→ **ASSIGNMENT**
Only the stretch of the listing below that runs from the line with "광주.전남의 환경문제(光州.全南の環境問題)" through the line with "DOG・DOG・DOG(エコペーパーリング)＠466円〜(税込)" is to be printed, exactly and with both ends.

→ **EXERCISE MATERIAL**
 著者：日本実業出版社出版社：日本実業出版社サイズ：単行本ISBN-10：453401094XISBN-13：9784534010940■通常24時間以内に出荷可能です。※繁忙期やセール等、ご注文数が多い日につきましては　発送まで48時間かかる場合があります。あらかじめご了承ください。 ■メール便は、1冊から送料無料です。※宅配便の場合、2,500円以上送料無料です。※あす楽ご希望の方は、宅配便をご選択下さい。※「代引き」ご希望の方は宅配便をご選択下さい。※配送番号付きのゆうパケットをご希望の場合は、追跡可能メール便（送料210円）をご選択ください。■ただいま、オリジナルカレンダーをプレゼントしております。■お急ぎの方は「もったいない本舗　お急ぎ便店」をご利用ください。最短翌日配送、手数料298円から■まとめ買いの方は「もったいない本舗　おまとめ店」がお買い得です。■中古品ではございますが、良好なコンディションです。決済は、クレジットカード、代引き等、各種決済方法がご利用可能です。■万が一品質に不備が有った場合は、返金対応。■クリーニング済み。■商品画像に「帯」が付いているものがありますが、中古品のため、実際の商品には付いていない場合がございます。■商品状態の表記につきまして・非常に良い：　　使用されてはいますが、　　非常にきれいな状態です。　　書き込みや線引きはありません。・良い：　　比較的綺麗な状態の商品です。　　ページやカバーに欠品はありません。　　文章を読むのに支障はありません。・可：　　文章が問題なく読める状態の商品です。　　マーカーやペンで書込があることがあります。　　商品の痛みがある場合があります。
* * *
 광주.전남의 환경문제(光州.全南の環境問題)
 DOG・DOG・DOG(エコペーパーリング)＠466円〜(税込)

→ **WRITTEN SOLUTION**
 광주.전남의 환경문제(光州.全南の環境問題)
 DOG・DOG・DOG(エコペーパーリング)＠466円〜(税込)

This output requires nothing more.